Históricamente, el término “populista” se asociaba a los clásicos partidos llamados así en Rusia o EE. UU., claramente de izquierda, o a los movimientos fascistas en Italia y Alemania, claramente lo contrario. Como ha ocurrido con otros conceptos —digamos, totalitarismo, autoritarismo, radicalismo, o incluso fascismo—, su aplicación ha ido estirándose y su sentido se ha difuminado, mientras abarca cada vez casos más diversos.
Como se sabe, el término se extiende a los extremos políticos desde la derecha hasta la izquierda. Dentro de ese gran saco de populistas, han sido puestos, digamos, el neoliberal Alberto Fujimori y el general nacionalista Juan Velasco Alvarado en Perú, Getulio Vargas y Jair Bolsonaro en Brasil, el socialista Marmaduke Grove y el ultraderechista José Antonio Kast en Chile, el dictador Juan Vicente Gómez y el presidente Hugo Chávez en Venezuela, el general Juan Domingo Perón y el ultraliberal Javier Milei en Argentina, el nacionalizador del petróleo mexicano Lázaro Cárdenas y el neoliberal Vicente Fox.

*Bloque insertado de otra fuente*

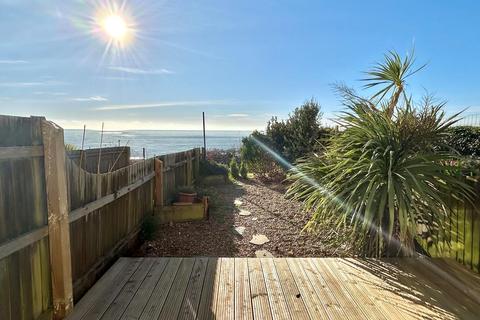 18 Lower Corniche, Hythe, CT21 5TP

Asimismo, han cabido numerosos líderes de África, desde los anticolonialistas Kwame N´Krumah y Samora Machel, el fundador de No Alienados Gamal Abdel Nasser y el líder antiapartheid Nelson Mandela, hasta militares aliados del neocolonialismo como Mobutu Sese Seko e Idi Amin Dada.

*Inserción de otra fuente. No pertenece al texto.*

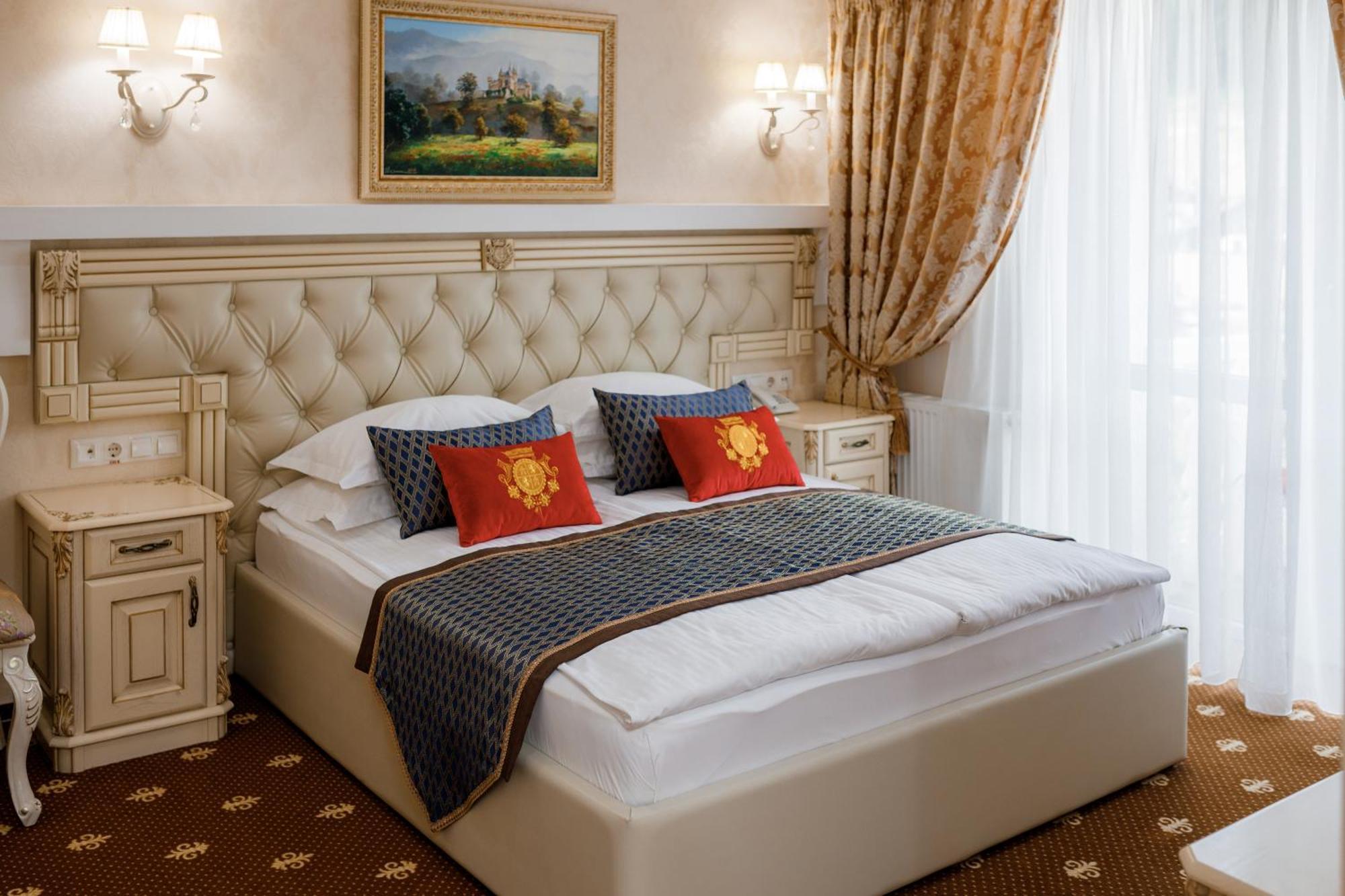Chevalier Hotel & Spa บูโคเวล ภายนอก รูปภาพ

Recuperar el concepto para entender los fenómenos políticos actuales no es un mero ejercicio intelectual o académico. Más allá de su ocurrencia en el lenguaje político y mediático, el concepto sirve para distinguir aristas clave de esos fenómenos ahora mismo.
Con ese fin práctico, la primera precisión tendría que distinguir entre las corrientes políticas enraizadas en movimientos sociales de resistencia, surgidos abajo, entre grupos carentes de medios de poder, en las redes de la sociedad civil y las organizaciones políticas que las articulan, de un lado; y algo tan simple como “un movimiento del pueblo contra la elite”, del otro. Se trata de animales distintos, por su naturaleza.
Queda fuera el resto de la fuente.